Let’s start with the title track — a 20-minute monster with no fear of repetition. Repetition, and weirdness, considering the fact the track begins with two and a half minutes of Berdan screaming his brains out in a pulsing, chant-like diatribe. The instrumentation emerges akin to the more recent Swans albums, marinating on the same chord and relying on dynamics and nuanced layering of texture to keep things interesting. Also like Swans, the soundscapes become so immersive that even a slight change becomes a cathartic release, let alone a turn for doom metal at the mid-section. The decelerating filth shows what depths of heaviness Uniform can reach, but their daring decision to thrust upward at the last with a passionate surge of blackened shoegaze.

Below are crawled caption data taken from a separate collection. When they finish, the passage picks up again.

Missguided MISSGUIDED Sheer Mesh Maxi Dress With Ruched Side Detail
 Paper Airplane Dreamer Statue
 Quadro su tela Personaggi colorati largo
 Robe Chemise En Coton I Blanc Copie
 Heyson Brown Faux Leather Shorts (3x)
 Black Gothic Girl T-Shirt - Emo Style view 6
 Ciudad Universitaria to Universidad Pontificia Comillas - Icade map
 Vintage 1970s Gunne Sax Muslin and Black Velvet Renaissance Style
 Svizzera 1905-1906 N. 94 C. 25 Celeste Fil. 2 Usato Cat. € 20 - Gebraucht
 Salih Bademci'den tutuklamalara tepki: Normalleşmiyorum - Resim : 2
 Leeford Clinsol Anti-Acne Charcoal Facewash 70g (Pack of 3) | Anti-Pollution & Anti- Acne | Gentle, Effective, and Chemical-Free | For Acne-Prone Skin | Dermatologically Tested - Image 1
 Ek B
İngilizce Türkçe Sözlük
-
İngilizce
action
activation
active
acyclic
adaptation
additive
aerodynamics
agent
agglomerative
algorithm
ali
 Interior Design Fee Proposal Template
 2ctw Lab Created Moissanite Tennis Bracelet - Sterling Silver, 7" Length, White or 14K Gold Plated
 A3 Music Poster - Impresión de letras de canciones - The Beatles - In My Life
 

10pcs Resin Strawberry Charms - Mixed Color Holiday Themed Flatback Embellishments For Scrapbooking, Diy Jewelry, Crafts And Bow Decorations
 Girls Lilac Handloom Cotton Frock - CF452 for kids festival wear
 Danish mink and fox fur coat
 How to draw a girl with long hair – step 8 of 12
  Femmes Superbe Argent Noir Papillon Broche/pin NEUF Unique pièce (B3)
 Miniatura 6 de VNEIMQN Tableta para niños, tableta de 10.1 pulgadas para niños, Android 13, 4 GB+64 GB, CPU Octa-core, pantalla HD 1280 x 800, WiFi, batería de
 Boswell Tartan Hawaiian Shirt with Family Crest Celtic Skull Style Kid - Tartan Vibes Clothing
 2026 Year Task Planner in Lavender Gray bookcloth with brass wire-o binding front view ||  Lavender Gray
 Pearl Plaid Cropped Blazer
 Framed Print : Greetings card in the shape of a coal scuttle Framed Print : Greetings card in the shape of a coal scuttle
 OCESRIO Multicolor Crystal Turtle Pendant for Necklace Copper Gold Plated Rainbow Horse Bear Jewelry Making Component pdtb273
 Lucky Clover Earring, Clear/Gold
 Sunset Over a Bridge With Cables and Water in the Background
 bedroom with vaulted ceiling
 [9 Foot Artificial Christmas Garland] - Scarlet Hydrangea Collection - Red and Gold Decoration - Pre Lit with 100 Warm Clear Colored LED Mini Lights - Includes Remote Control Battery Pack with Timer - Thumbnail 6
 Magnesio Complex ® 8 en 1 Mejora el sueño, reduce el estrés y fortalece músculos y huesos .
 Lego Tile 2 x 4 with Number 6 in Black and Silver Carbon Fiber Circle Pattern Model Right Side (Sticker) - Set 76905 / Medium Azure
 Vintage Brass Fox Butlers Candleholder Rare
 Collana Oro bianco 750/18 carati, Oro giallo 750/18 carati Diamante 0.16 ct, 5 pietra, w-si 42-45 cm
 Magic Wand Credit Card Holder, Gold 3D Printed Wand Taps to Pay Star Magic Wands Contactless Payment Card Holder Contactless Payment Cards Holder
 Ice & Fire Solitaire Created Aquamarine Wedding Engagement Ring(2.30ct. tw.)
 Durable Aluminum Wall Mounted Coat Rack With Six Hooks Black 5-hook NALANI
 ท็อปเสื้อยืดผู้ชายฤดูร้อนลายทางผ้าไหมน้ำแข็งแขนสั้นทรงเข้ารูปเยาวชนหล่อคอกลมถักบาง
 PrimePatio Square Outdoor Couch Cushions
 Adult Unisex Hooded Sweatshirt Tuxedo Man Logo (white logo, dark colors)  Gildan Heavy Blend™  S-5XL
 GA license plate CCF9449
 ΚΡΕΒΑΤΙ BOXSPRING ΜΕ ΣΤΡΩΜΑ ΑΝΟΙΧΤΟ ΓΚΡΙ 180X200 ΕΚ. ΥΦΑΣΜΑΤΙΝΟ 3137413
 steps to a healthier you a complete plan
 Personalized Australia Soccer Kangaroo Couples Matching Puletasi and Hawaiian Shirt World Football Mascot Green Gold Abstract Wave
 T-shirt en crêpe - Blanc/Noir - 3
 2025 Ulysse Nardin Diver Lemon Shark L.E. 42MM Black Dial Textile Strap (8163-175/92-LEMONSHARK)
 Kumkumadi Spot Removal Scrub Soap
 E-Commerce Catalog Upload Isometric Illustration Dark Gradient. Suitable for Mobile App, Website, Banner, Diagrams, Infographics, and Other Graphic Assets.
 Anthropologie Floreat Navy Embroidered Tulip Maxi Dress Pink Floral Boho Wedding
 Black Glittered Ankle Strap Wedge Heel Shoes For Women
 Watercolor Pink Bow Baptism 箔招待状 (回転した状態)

While certainly ambitious in its scope, its emotional breadth makes the time spent more than worth the effort. Lyrics like “There’s meat on my face, that hangs off my face, sweats like I sweat, cries like I cry” speak to the album’s theme of Berdan’s struggles with bulimia. His unfiltered vocal delivery, coupled with these raw lyrics, makes for an experience as harrowing as it is emotional.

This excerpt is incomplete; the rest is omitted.